Kemampuan solvabilitas perusahaan menurun pasca akuisisi, ditunjukkan oleh kenaikan DER dari 32%
menjadi 89% di 2019 dan 72% di 2020, penurunan ICR dari 5.09x menjadi 1.93x dan 2.43x berturut-
turut di 2019 dan 2020. Rasio lancar perusahaan juga menunjukkan penurunan dari 1.95x dari 2018,
menjadi di kisaran 1.3x di 2019 dan 2020. Meskipun ada penurunan solvabilitas, namun perusahaan
masih mampu melunasi bunga hutang berkat lancarnya arus kas perusahaan.

POTENSI PASCA AKUISISI

Industri semen merupakan industri dengan branded commodity, di mana loyalitas konsumen
terhadap merk tertentu minim, sehingga perusahaan tidak memiliki pricing power yang kuat terhadap
produknya. Namun, didukung dengan pangsa pasar yang dominan (53,4%), SIG mampu meraih
keunggulan kompetitif terhadap kompetitor bisnisnya di dalam negeri dengan menciptakan
economies of scale, di mana perusahaan mampu meningkatkan efisiensi dan menambah margin laba
dengan meningkatkan volume penjualannya. Beban fixed costs industri semen yang tinggi dibanding
variable costsnya, akan tersebar di semakin banyaknya produk yang dijual, sehingga porsi fixed costs
di setiap produk dapat diminimalisir.
KESIMPULAN

SIG melancarkan aksi korporasi akuisisi terhadap Holcim pada 31 Januari 2019 dengan nilai Rp 13,47
Triliun, atau dengan true cost Rp 25,78 Triliun. Sumber dana akuisisi berasal dari hutang bank dan
obligasi. Akuisisi ini bertujuan untuk meningkatkan pangsa pasar SIG di tingkat nasional. Pasca akuisisi,
SIG menjadi produsen semen dengan kapasitas produksi 53 juta ton per tahun, terbesar di Asia
Tenggara. Secara valuasi terhadap nilai buku yang diperoleh berikut arus kas yang dihasilkan Holcim,
akuisisi ini terbilang mahal, dengan estimasi BEP 42 tahun berdasarkan pendapatan saat ini.

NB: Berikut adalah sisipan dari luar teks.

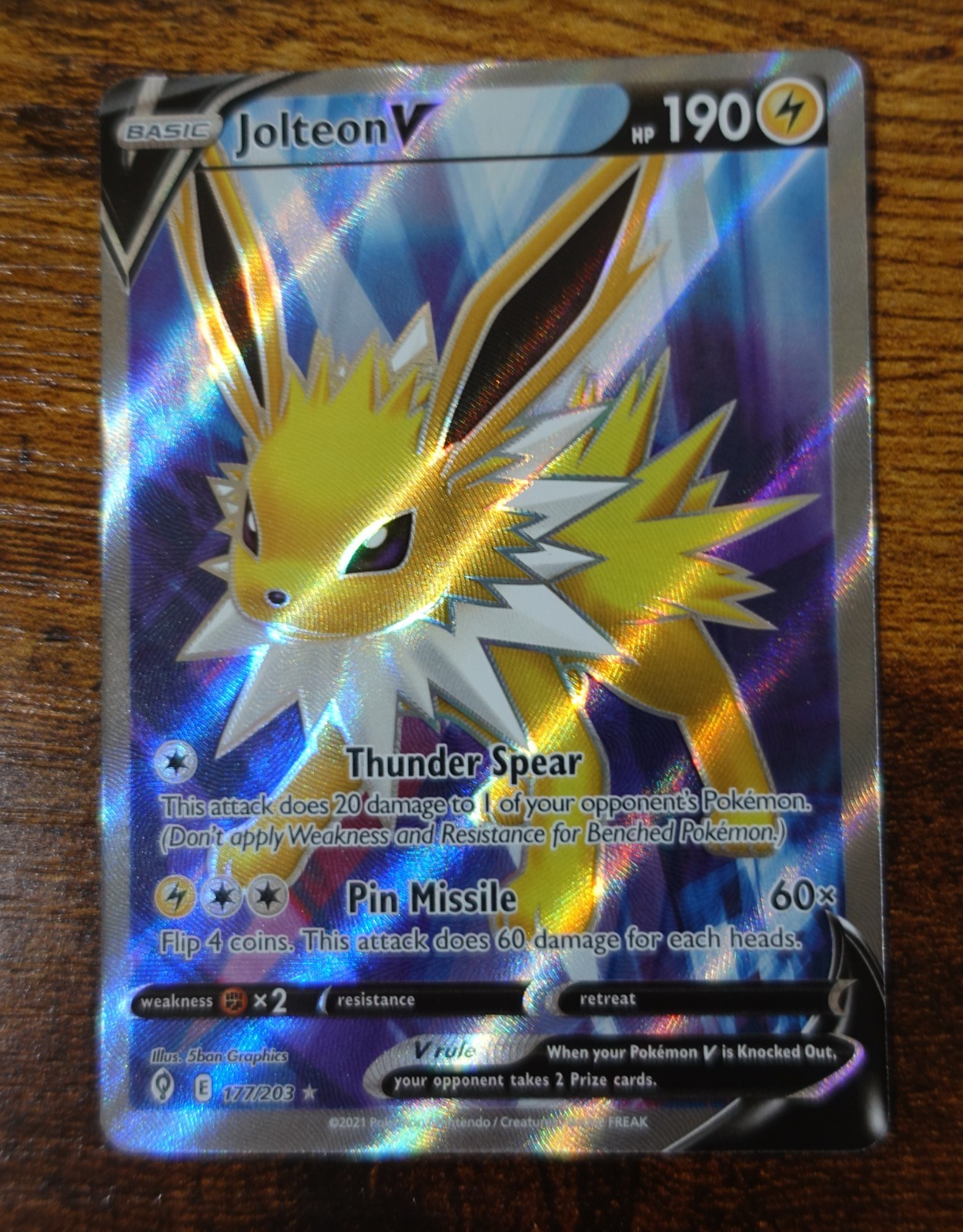 Jolteon V 177/203 Evolving Skies Pokemon Card NM-MINT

Pengaruh akuisisi terhadap kinerja SIG dapat dilihat dari sisi profitabilitas, arus kas, dan
solvabilitasnya. Ditinjau dari sisi profitabilitas, SIG mampu mendongkrak pendapatan, namun laba
yang dihasilkan belum menunjukkan kenaikan yang berarti dibanding sebelum akuisisi. Sementara itu,
efek akuisisi terasa positif di arus kas operasi perusahaan dan arus kas bebasnya, walau arus kas total
yang dihasilkan tidak mengalami perubahan signifikan. Sisi solvabilitas menunjukkan kemampuan
solvabilitas yang menurun, ditandai dengan kenaikan DER dan penurunan ICR, namun secara umum
perusahaan memiliki kemampuan yang cukup untuk membayar hutang.

Potensi pasca akuisisi ke depannya, diharapkan dengan adanya pangsa pasar yang dominan di dalam
negeri pasca akuisisi Holcim, SIG mampu menciptakan economies of scale, sehingga SIG mampu
meraih keunggulan kompetitif dibanding kompetitor bisnisnya di dalam negeri.